The new AI Bill of Rights blueprint addresses potential AI harms for American citizens. (Image Credit: geralt/pixabay)
Last year, the White House Office of Science and Technology Policy (OSTP) said the US needed a Bill of Rights for AI. Joe Biden recently released a new AI Bill of Rights blueprint outlining five protections for Americans against AI harms. This also ensures that tech companies deploying AI are held accountable. “These technologies are causing real harms in the lives of Americans—harms that run counter to our core democratic values, including the fundamental right to privacy, freedom from discrimination, and our basic dignity,” a senior administration official told reporters at a press conference.

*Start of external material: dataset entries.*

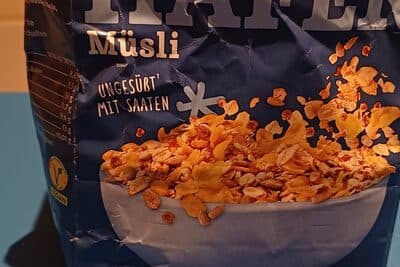 Basis Hafer Müsli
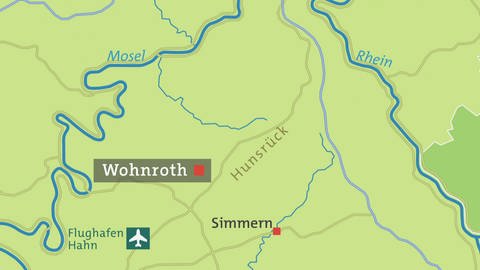 Hierzuland Karte Wohnroth (Foto: SWR)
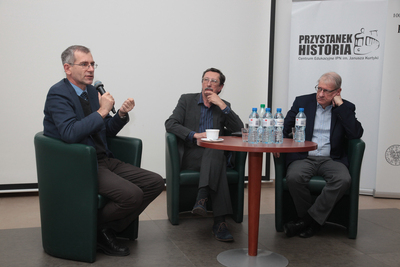 Dyskusja o mniejszościach narodowych II RP – Warszawa, 22 marca 2018. Fot. Piotr Życieński (IPN)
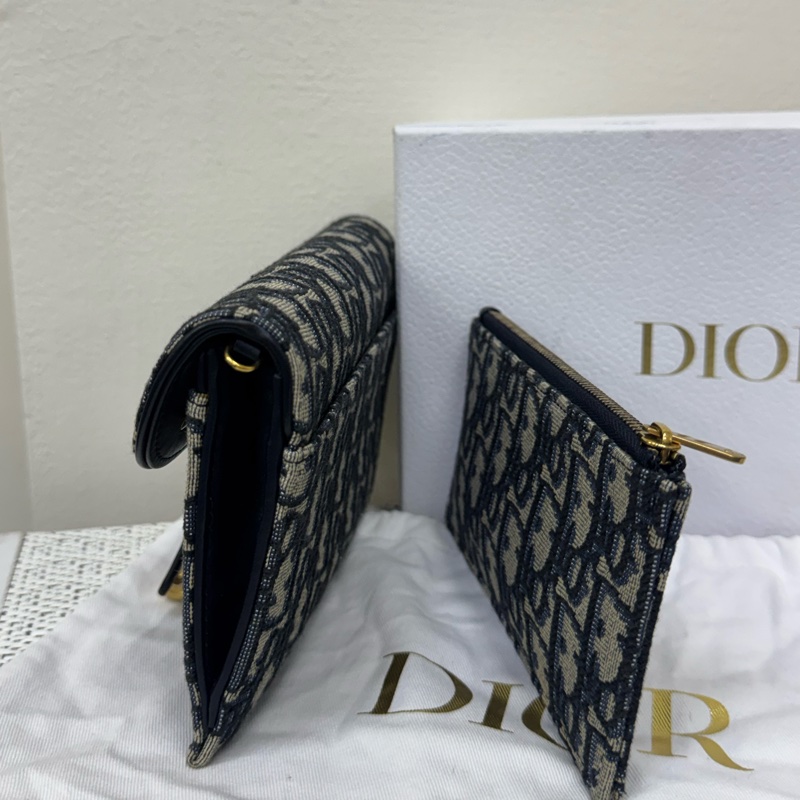 Dior經典老花Saddle Woc斜背包-8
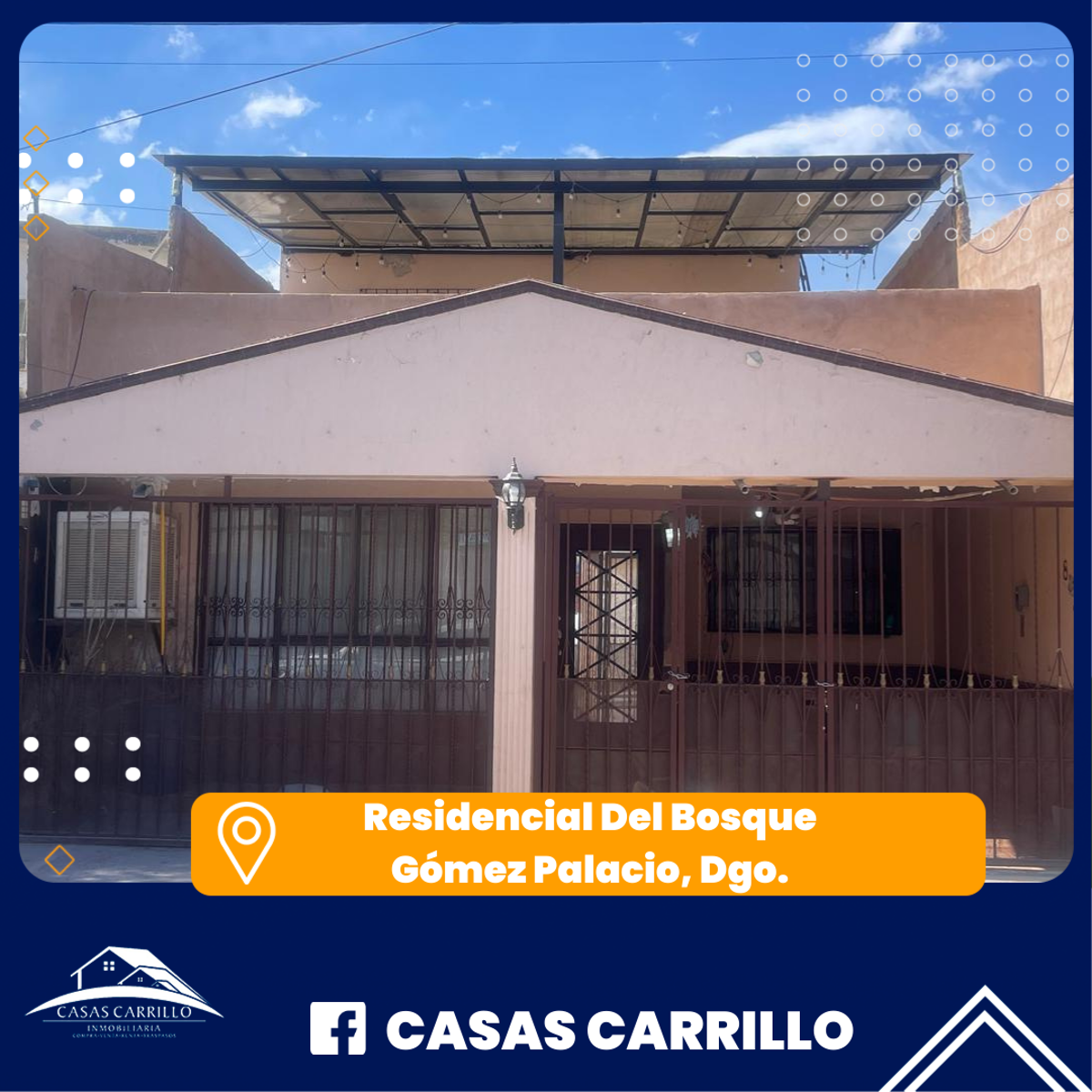 Casa en venta en Del Bosque, Gómez Palacio — foto 1 de 16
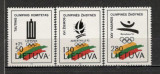 Lituania.1992 Olimpiada de vara BARCELONA GL.20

The five principles are as follows: citizens should not deal with unsafe and ineffective algorithms, know and control how their data is used, not face discrimination from AI, have the ability to opt out and rely on a human instead, and not worry about AI violating data privacy. Critics claim the plan “lacks teeth,” and the US must enforce tougher AI regulations.
However, the AI Bill of Rights is a nonbinding white paper. So that means it can’t enforce any laws because the OSTP created the blueprint. Rather, it serves as a set of recommendations that tech companies and government agencies can choose to follow. Agencies can still refer to existing rules, preventing automated systems from putting people at unfair disadvantages. Lawmakers will need to decide on proposing new bills.
These principals cited agency studies, academic research, and news reports documenting harms from AI systems, such as facial recognition. These eventually helped with false arrests and discrimination against those seeking a loan and went to a Historically Black College. In addition, the document noted social workers and parents would gain an advantage if they knew child welfare agencies relied on algorithms to determine when families must undergo investigation due to maltreatment.
The paper also failed to mention AI-powered systems funded by the Department of Justice that examined AI bias, harm, and discrimination.
There’s some positivity with the paper as it said AI systems could play a huge role in society by assisting farmers with efficient crop growth or disease identification. “Fueled by the power of American innovation, these tools hold the potential to redefine every part of our society and make life better for everyone. This important progress must not come at the price of civil rights or democratic values,” the paper noted.